**About this exercise**
Beginning with the opening line of the entries, return every line through the one containing "Hey there guys, and", both included, and nothing else. Omit pictures.

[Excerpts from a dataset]
-=-=-=-=-

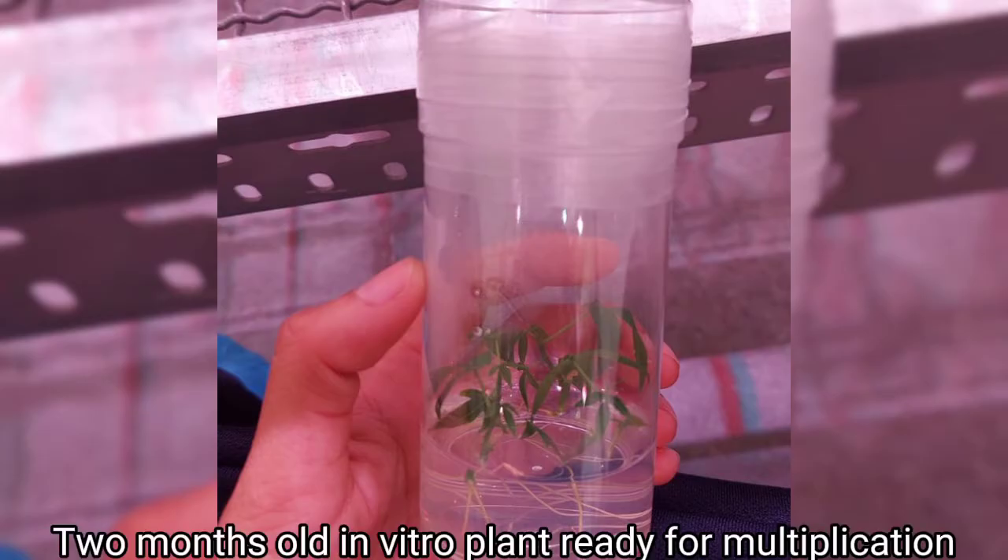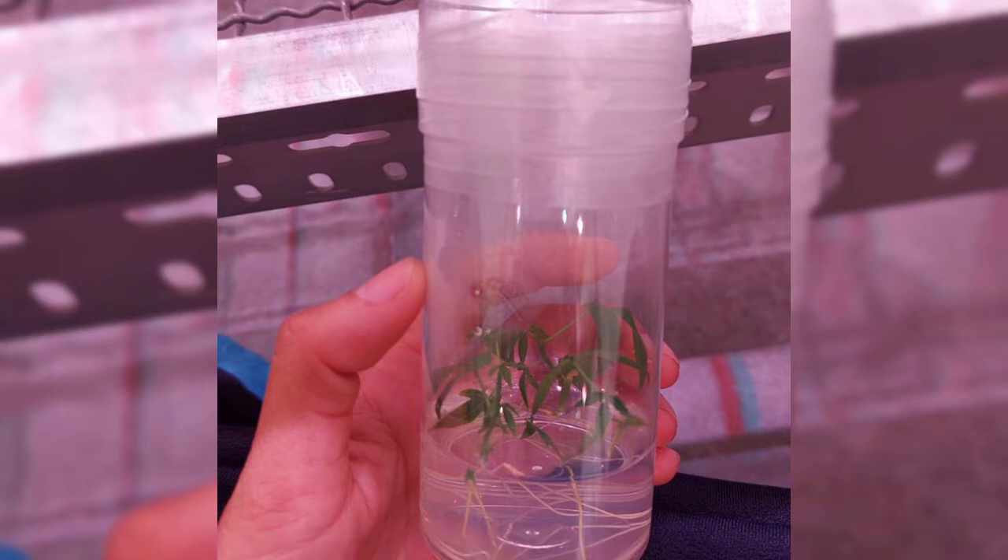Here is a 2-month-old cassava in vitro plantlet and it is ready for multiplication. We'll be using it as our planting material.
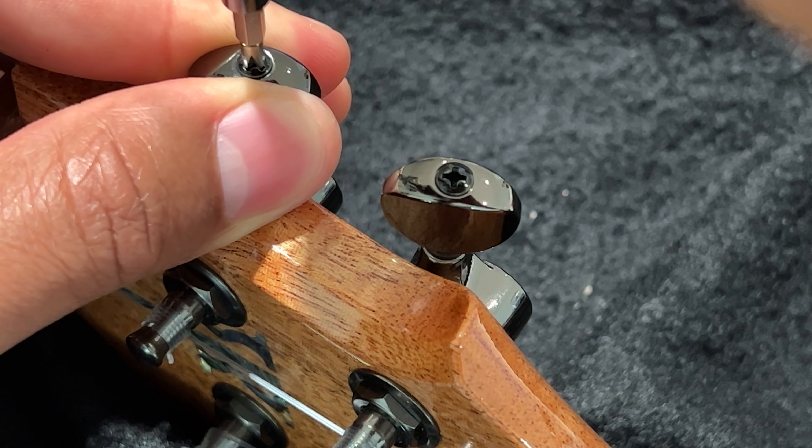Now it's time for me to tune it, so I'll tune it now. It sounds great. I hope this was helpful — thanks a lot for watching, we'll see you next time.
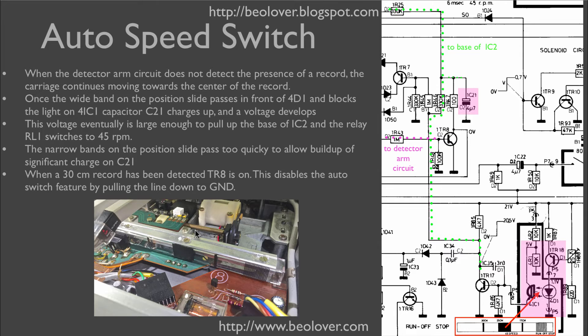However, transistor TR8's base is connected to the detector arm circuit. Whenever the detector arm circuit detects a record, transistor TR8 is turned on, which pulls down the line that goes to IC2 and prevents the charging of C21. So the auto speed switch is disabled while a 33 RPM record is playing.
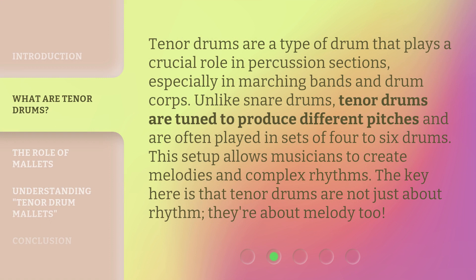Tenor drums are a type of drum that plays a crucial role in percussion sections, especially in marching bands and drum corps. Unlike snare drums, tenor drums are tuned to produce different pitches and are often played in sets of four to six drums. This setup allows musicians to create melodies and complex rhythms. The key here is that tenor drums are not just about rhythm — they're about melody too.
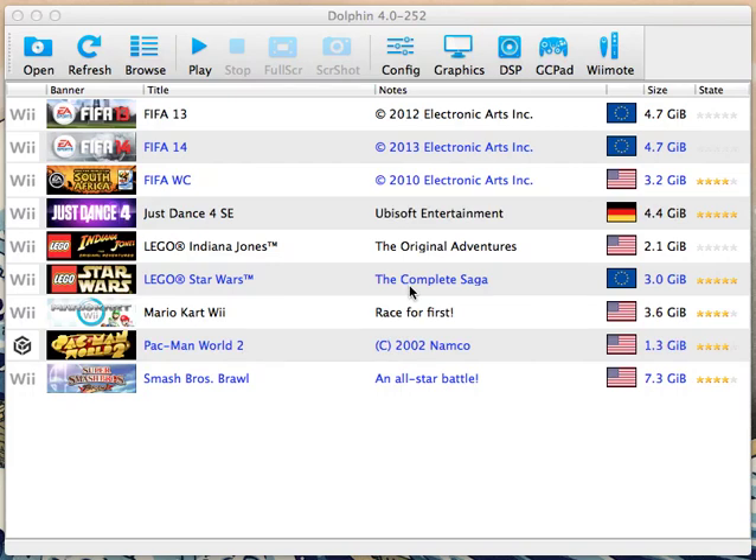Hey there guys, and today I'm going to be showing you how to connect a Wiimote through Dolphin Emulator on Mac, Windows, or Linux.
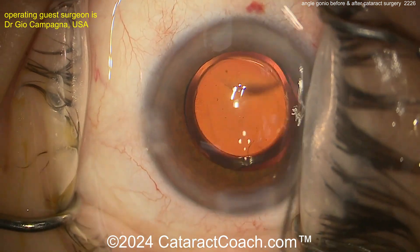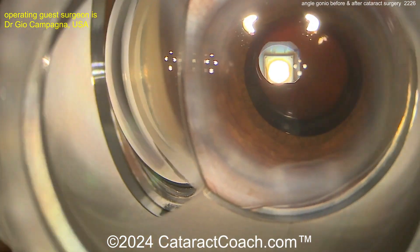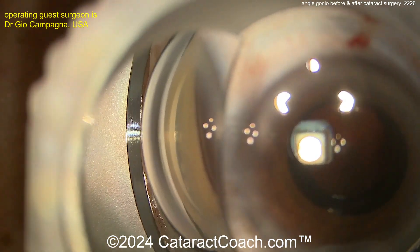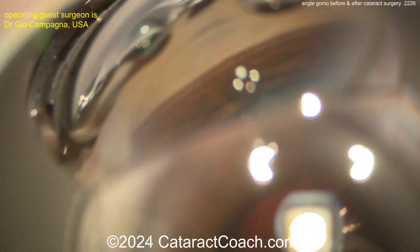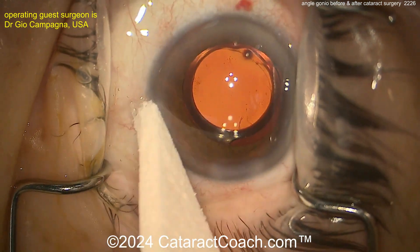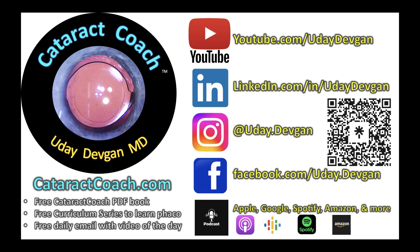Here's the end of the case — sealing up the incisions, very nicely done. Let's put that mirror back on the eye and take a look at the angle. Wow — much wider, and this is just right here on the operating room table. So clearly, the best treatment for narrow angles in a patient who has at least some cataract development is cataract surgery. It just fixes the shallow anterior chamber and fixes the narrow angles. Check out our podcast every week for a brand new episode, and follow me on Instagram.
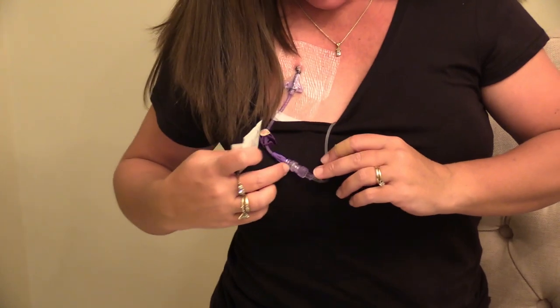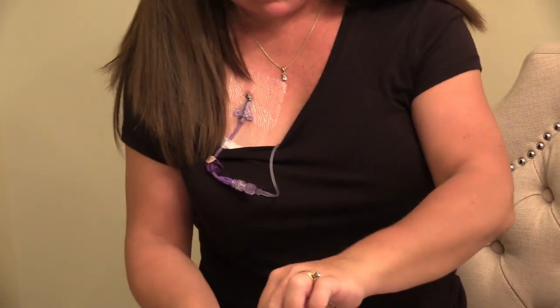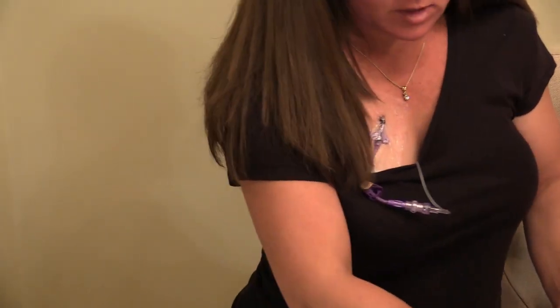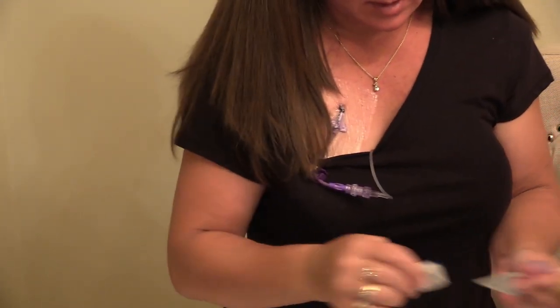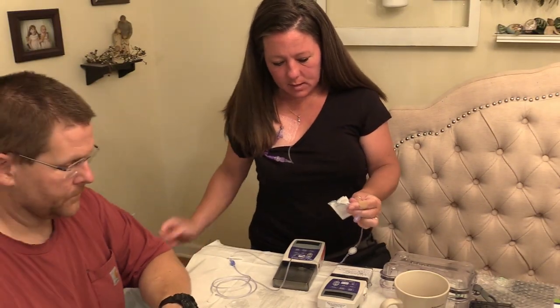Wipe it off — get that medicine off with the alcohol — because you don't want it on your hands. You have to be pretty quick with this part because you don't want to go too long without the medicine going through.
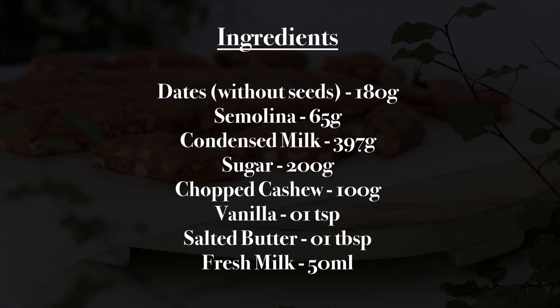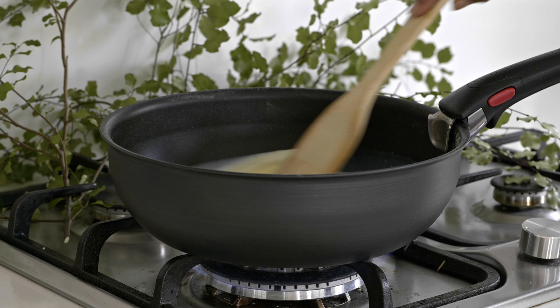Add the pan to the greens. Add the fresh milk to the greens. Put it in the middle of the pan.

-=-=-=-=-

**Response to this exercise**
Here is a 2-month-old cassava in vitro plantlet and it is ready for multiplication. We'll be using it as our planting material.
Now it's time for me to tune it, so I'll tune it now. It sounds great. I hope this was helpful — thanks a lot for watching, we'll see you next time.
However, transistor TR8's base is connected to the detector arm circuit. Whenever the detector arm circuit detects a record, transistor TR8 is turned on, which pulls down the line that goes to IC2 and prevents the charging of C21. So the auto speed switch is disabled while a 33 RPM record is playing.
Tenor drums are a type of drum that plays a crucial role in percussion sections, especially in marching bands and drum corps. Unlike snare drums, tenor drums are tuned to produce different pitches and are often played in sets of four to six drums. This setup allows musicians to create melodies and complex rhythms. The key here is that tenor drums are not just about rhythm — they're about melody too.
Hey there guys, and today I'm going to be showing you how to connect a Wiimote through Dolphin Emulator on Mac, Windows, or Linux.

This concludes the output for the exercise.